Our brains would have dealt with it and blotted it out from what we
think we heard. But if, without warning, the silence continues. If,
without a letter, a phone call, a text message or an e-mail; if,
without warning, silence spreads out over multiple seconds, we may
begin to shift our positions. 

	 Back on the Monday after the attacks in Paris, at noon, there was a
minute of silence throughout the city during which everything
non-essential was asked to halt, to cease making sound for sixty
seconds, as a way of giving tribute to those killed. A reporter on the
radio described the scene in the hospital right across the street from
the bar where some of the killing occurred. “Nurses and doctors at
this hospital were among those having drinks across the street on
Friday when one of the gunmen opened fire. Fifteen people died, with
10 more seriously injured.” On the Monday, noon came, the people in
the E.R. halted non-urgent work, and the silence began. One minute.
Then two. Then three. Then six. “It was as is no one wanted this
moment to end. 

	 “Eventually, after eight minutes, people begin applauding. 

	 “And somewhere at the back, a man’s voice begins to recite
poetry. I find out later the words are by the Senegalese poet Birago
Diop. You can’t hear everything from our place at the front of the
crowd. But you can hear this: 

	 The dead are not under the ground
 They are in the fire that goes out
 They are in the grass that cries
 They are in the rock that moans
 They are in the forest, they are in the residency.
 The dead are not dead.” 1 

	 Silence can be incredibly pregnant. It can be incredibly enriching.
It can help us to get in touch with what is deep within us. It may be
a fear, as many in Paris, and in every country in the Middle East, and
in Kenya, and far too many other countries.

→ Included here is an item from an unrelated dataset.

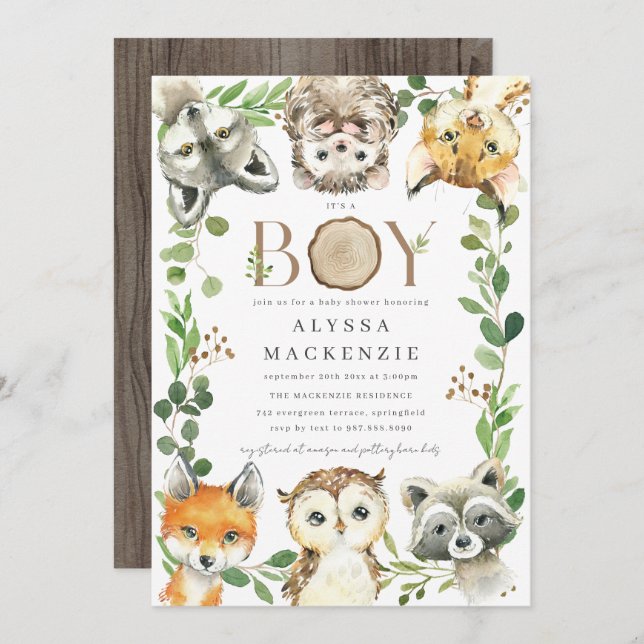Woodland Baby Shower Invitation (Devant / Derrière)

What we encounter may be
joy, as we remember some unbelievably exciting event. What we meet may
be hollow or empty, as we discover a great longing for something. Or
it may be, as those medical personnel found, it may be some word, some
scent, some image, perhaps something held in common, which reminds us
that, as desperate as the silence appears, “The dead are not
dead.” 

	 Out of the silence came life. 

	 Silence. We need it. But we can hate it. 

	 Our entry through Advent’s door, however, asks us to confront this
sense of anticipation by dealing with the things which disturb, which
frighten us. 

	 Suzanne Guthrie wrote a question which many of us may think, but few
may be willing to express out loud. “Why does the new year begin
with dread, darkness, portents in the sky: the sun darkened, the moon
obscured, stars falling, the heavens shaken? Why does the new year
begin with the ultimate ending: the end of life, the end of the world,
the end of time itself?” 2 

	 One possible answer to this is that, like silence, we tend not to
like to think about the so-called “End Times” too much. Yet this
isn’t something that’s totally missing from some groups within
Christianity. It certainly wasn’t absent in the hundred-plus years
after the death and resurrection of Jesus. That’s how we were given
many parts of our New Covenant material. And for the same reason we
read them this morning. For the same reason that many groups dwell on
them. It may seem easier to deal with thought about chaotic and
out-of-control events leading up to Jesus’ return to earth than it
is to try to find some sort of an answer to the terrible increase in
terrorism, to disease, to hunger, to loneliness. 

	 In fact, within the last couple of weeks, leaders prominent at the
conservative end of the Christian Church spectrum stated quite
categorically after the Paris attacks, “We haven’t seen anything
yet.” The implication is that the more bold extremists become, the
more indiscriminate and wide-spread their attacks, the closer we move
towards the second coming of Jesus. And they seemed happy about this.
I don’t know if it’s died down any but ten or twenty years ago,
some people were actually promoting the idea of warfare in Israel and
the Middle East because it signaled that everything was wrapping up.